3.1 Data preprocessing
Yelper was built based on the Yelp Challenge 2016 Dataset, which includes:
- 2.7M reviews and 649K tips by 687K users for 86K businesses
- 566K business attributes, e.g., hours, parking availability, ambiance
- Social network of 687K users for a total of 4.2M social edges
- Aggregated check-ins over time for each of the 86K businesses
- 200,000 pictures from the included businesses
Our system mainly relies on two data sets: the 687K users and the 86K businesses. We performed two preprocessing steps (Python source code):
- Map the raw IDs in ASCII string format for both user data and business data into integer indices
- Split the business data by nine major cities (see sample structure of splitting by cities): us_charlotte, us_lasvegas, us_madison, us_phoenix, us_pittsburgh, us_urbana_champaign, canada_montreal, germany_karlsruhe, uk_edinburgh
In Yelper, we deliberately created all business IDs as integers in range [0, 1M] (M means million), while all user IDs are in range [10M, +∞], because we have much more user IDs than business IDs. In this way, we can use the cutoff value 10M (=10000000) to check if an ID is associated to a user. To sum up, using integer number as ID (such as 3234) instead of a raw string (eg., “G8qH6TbfEhoYmS9KZM2Hfg”) has several advantages:
- Building the graph using Spark GraphX requires that all nodes and edges have an integer ID
- Exported CSV or JSON files of either user data or business data became much smaller, leading to faster loading and manipulation
- It was easy to differentiate the user id and business id just by a threshold.

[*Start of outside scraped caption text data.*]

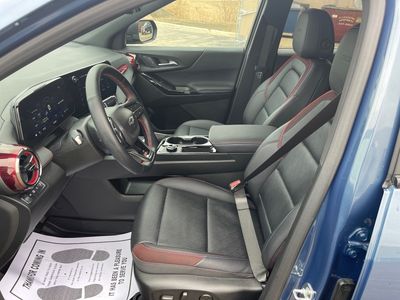 2025 Chevrolet Equinox — photo 9 view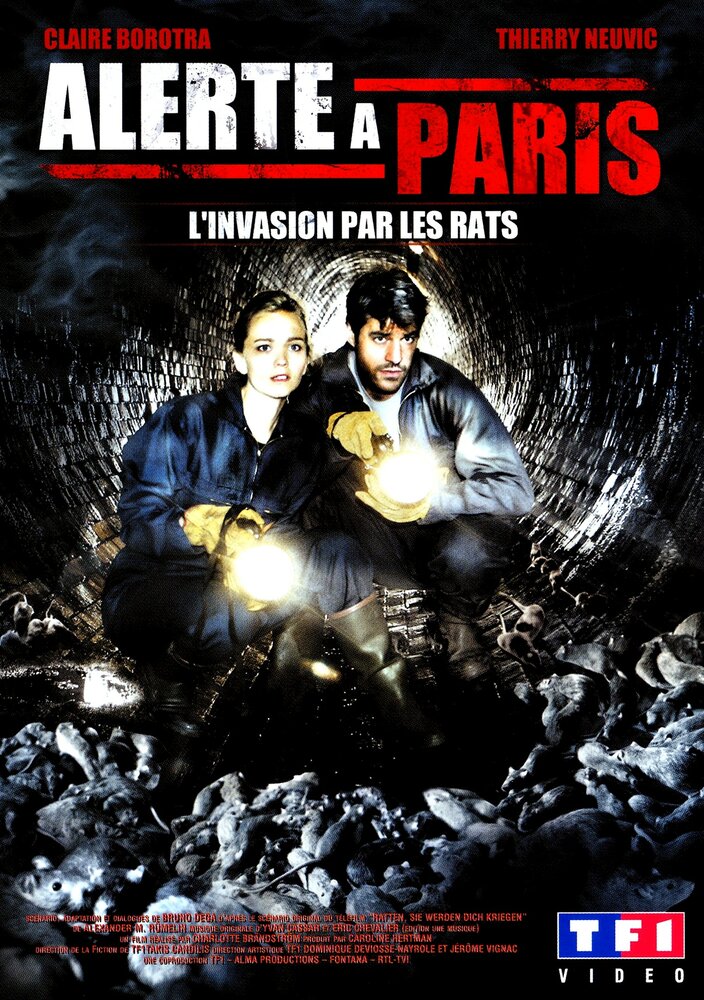 Крысы в Париже (2006) постер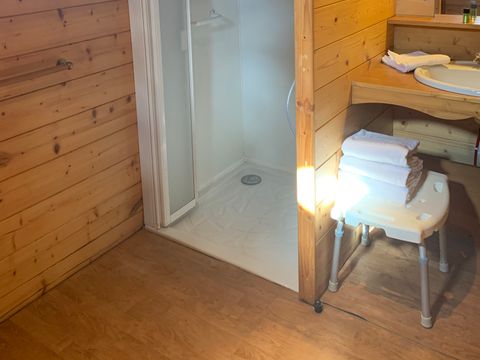 Hébergement 3 personnes - Roulotte Gîte Bohème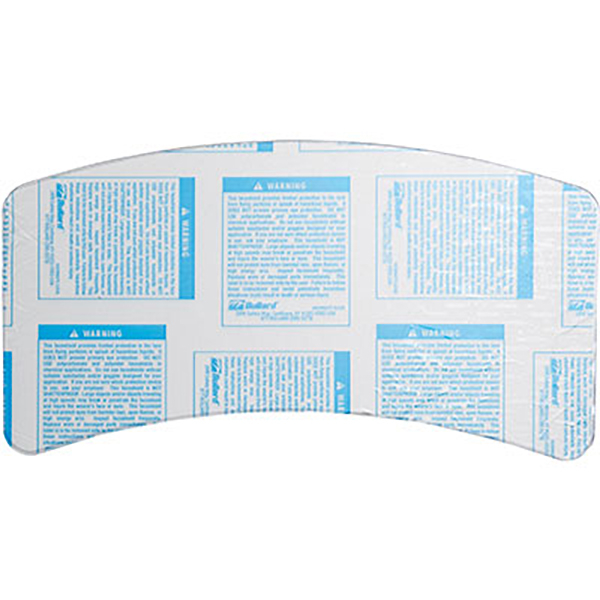 Bullard&reg; GenVX Lens Inner 25/Pkg .040"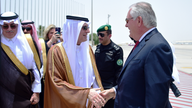 Anti-Qatar bloc meets US envoy, but no breakthrough in sight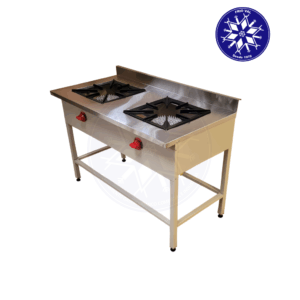Anafe 2 Platos Alto Acero Inoxidable Frioval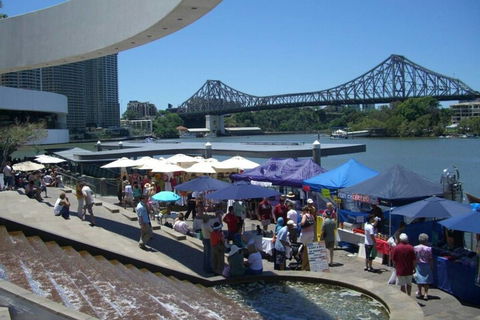 Open View 2b2b Apt Parking Pool GYM BBQ Qne088 - Accommodation Rockhampton 4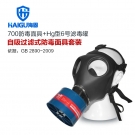 海固HG-700 P-Hg-3全面罩水銀防毒面具 海固HG-700 P-Hg-3全面罩水銀防毒面具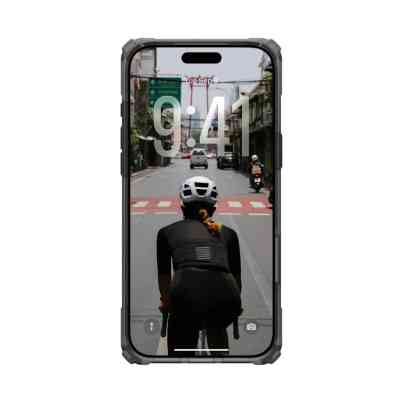 Чохол до мобільного телефона UAG Plasma XTE MagSafe iPhone 17 Pro Max Ash/Titanium (114528113136) Вінниця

Splitting business data by cities has the following advantages:
- Making each city have its own recommendation model allows customized recommendation
- Model training becomes faster since city-wise data is smaller than the totality
- City-wise model tuning becomes manageable
- Scalability is possible. Remember there are thousands of cities all over the world
- It does not make sense to build one single recommendation model to handle all world cities since, like human, each city has its own “gene”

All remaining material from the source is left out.